I don’t really remember my first migraine. I wasn’t formally diagnosed until college, but my mum suffered from them, and she recognized my symptoms. Migraines were very sporadic for me through childhood, and never bad enough that my mum sought out any treatment. I think her own frustrating experiences with doctors made her very skeptical that they would even hear her out, much less be able to help me.

I do remember getting a bad one at Six Flags when I was there with Girl Scouts when I was probably in 5th or 6th grade. I’d ridden some rough rides, been out in the heat and the sun for hours, hadn’t eaten much, and was probably dehydrated. Perfect storm for a migraine. I remember seeing the glitter, feeling lightheaded, and sitting on a curb with my head between my knees for a long time. I think after that I insisted on having some “real food” – a burger or something. And I’m betting the rest of the day was shot for me.

Another early one I remember was at youth camp between 8th and 9th grades. I was playing board games in the basement of the lodge with some friends, when my head started screaming. I told my friends there was a storm coming and I was going to go take a nap for the duration. Unfortunately, the tornado siren went off just minutes later and we were all confined to the basement anyway. My friends were all impressed with my gift of “weather prophecy”. I was just miserable.

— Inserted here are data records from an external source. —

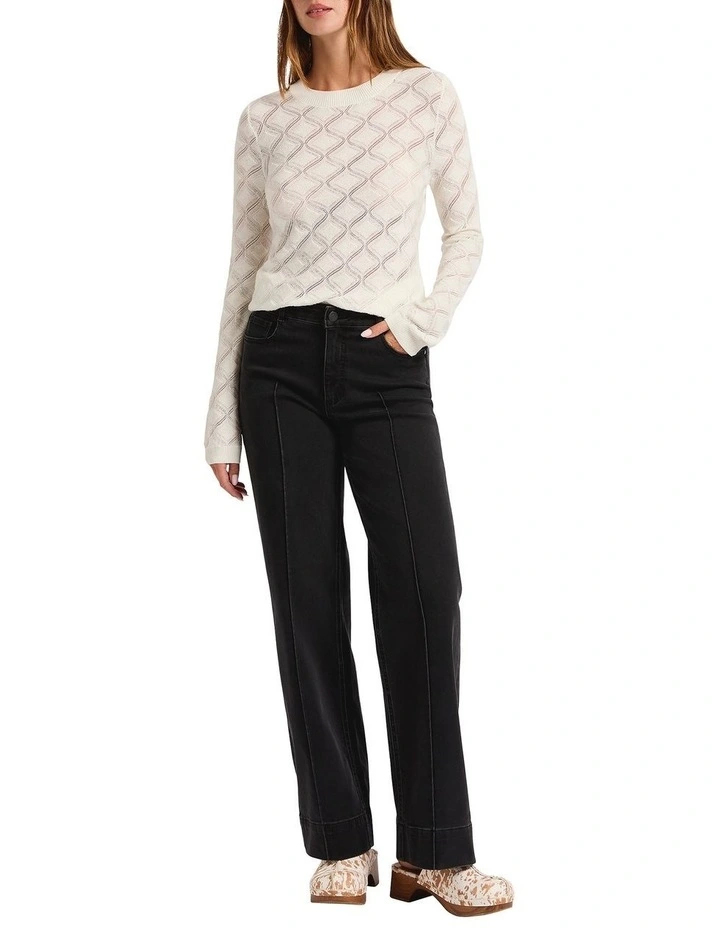 Pearl Pointelle Knit in Ivory image 2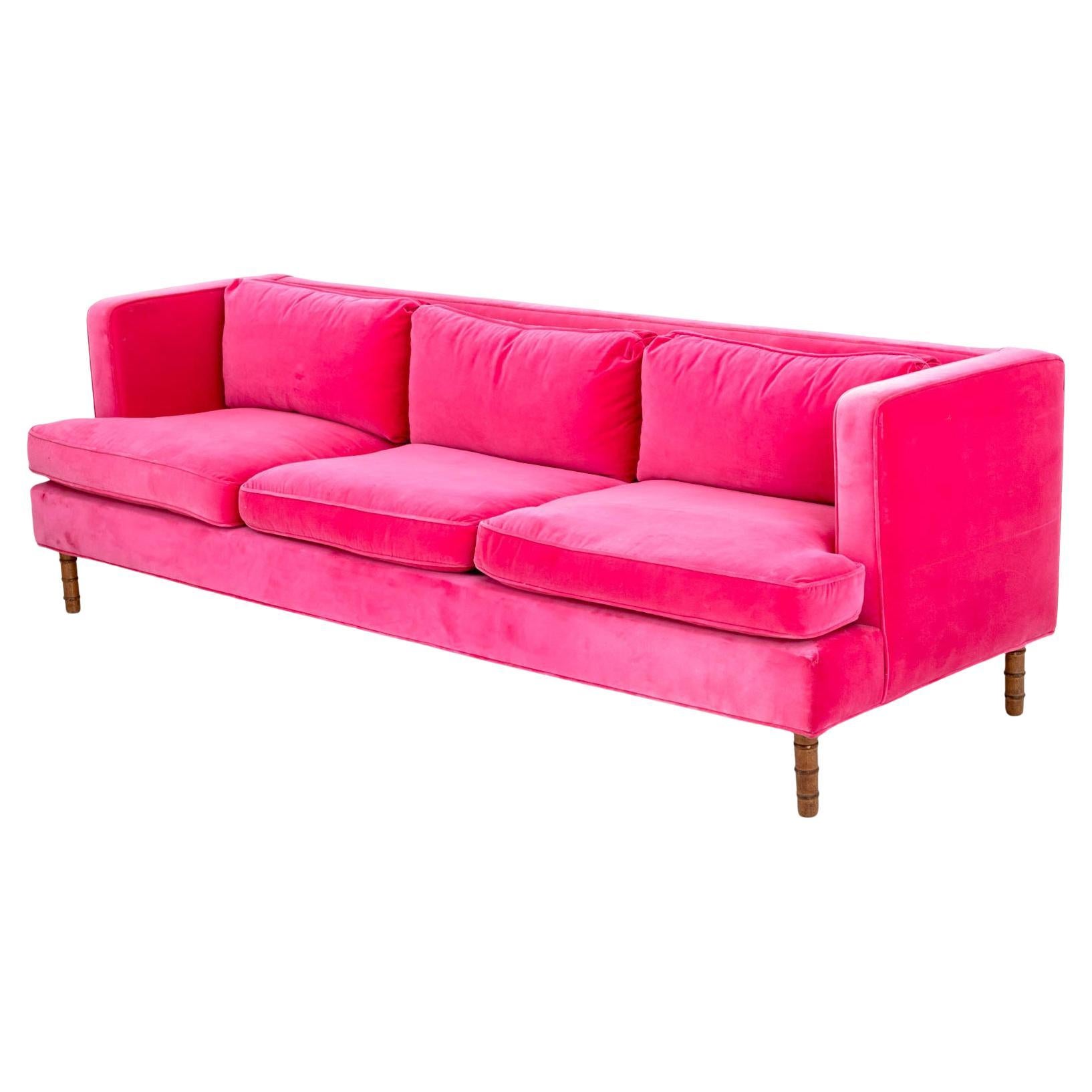 Contemporary Hot Pink Velvet Upholstered Sofa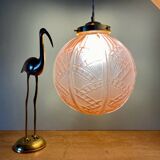 Vintage art deco globe pendant light in pink frosted glass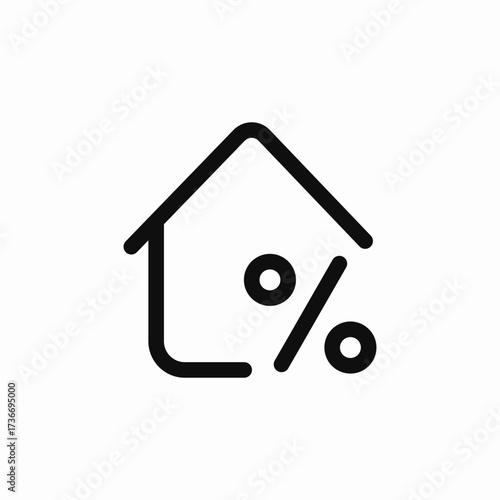 house percent icon sign vector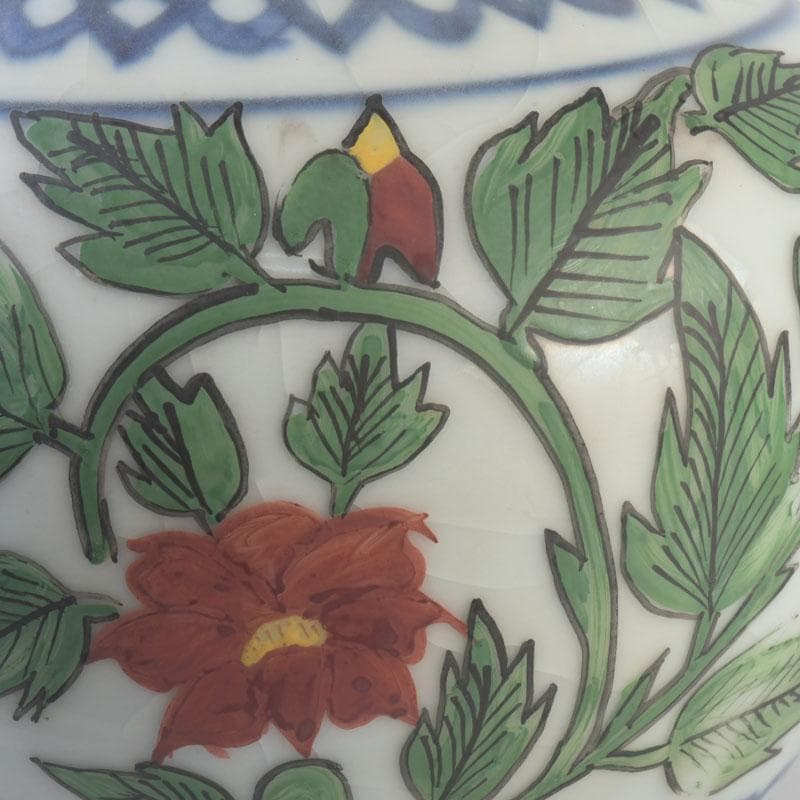 中国　色絵　花草文　瓢形瓶　花瓶　V　A7A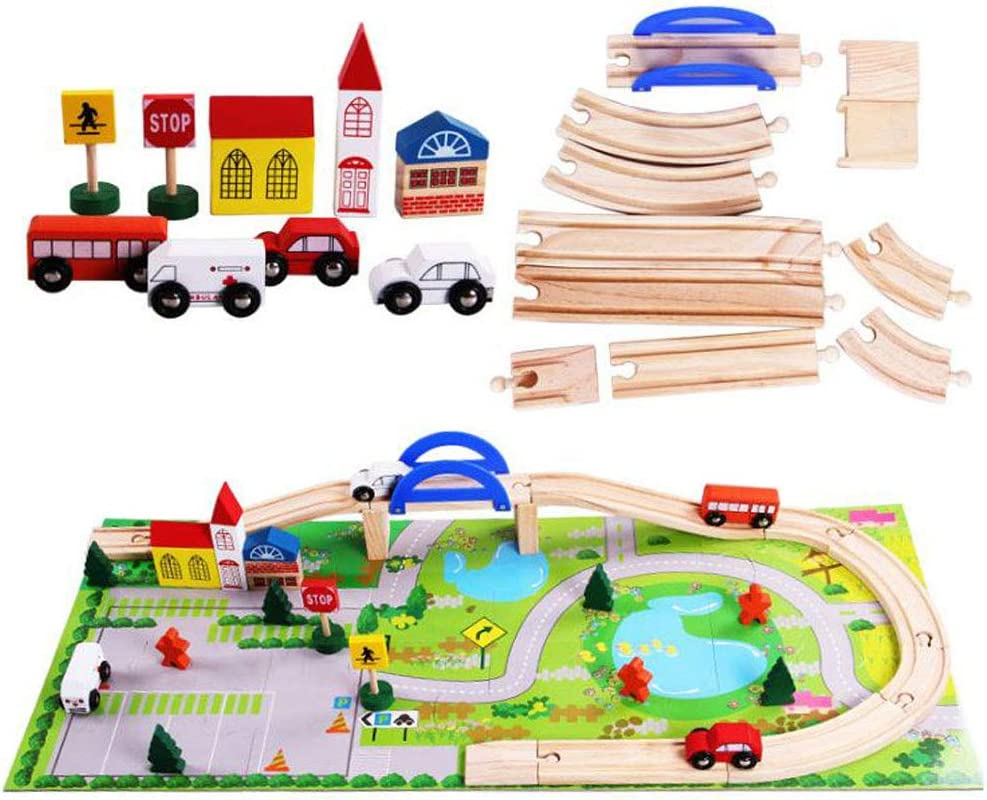 Wooden Train Set with Tracks and Accessories
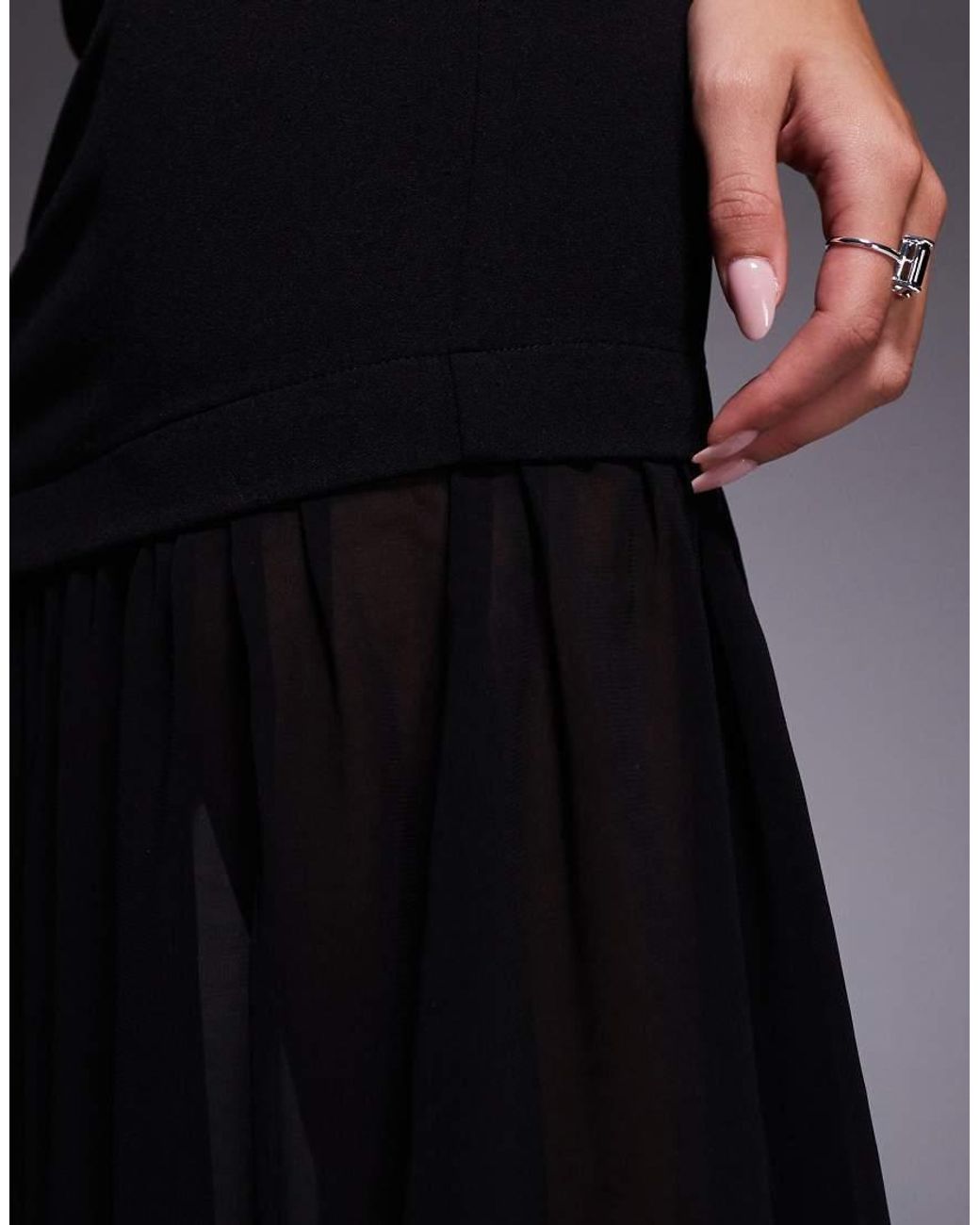 New Look Black Sheer Hem Sleeveless Midi Dress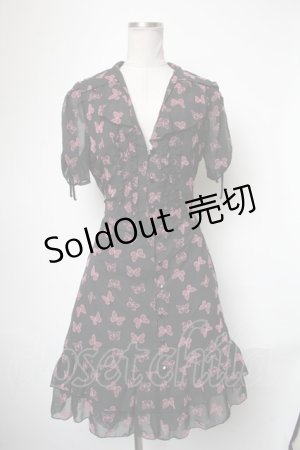 画像: axes femme / バタフライプリントシフォンワンピース  黒ｘピンク S-25-05-01-036-AX-OP-HR-ZS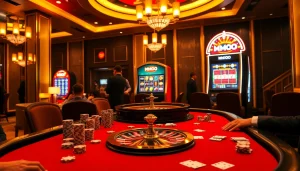 Experience the thrill of gambling at an MMOO-themed casino table amidst vibrant game action.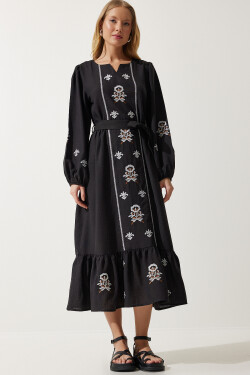 Happiness İstanbul Women's Black Embroidered Linen Surface Long Woven Dress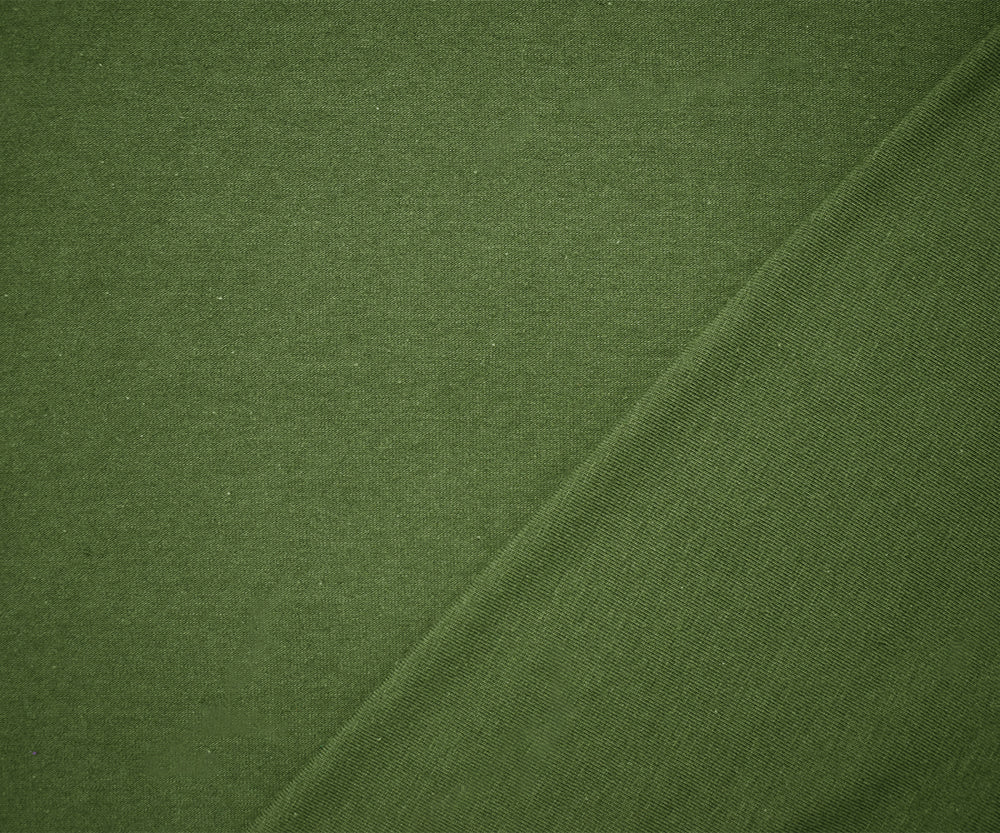 Olive Green Solid Cotton Spandex Knit Fabric - 10 oz - Reorderable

In high school, I started self-medicating with Mountain Dew to get through tough migraine days at school. The school nurse had to call a parent for permission to even give Tylenol, and we weren’t allowed to carry any ourselves, so I just took to slamming a soda and slouching down in my desk hoping that everyone would leave me alone. Teachers probably wondered what was wrong with me, but no one ever asked. I think my friends were aware that I got bad headaches, and that I had to eat frequently to keep my blood sugar from dropping. I remember riding the bus with a bad migraine, tears running down my face as we bounced and jolted down the road. I’d just lay in the seat with my hoodie over my head, praying it would stop soon or the bus would go off a bridge.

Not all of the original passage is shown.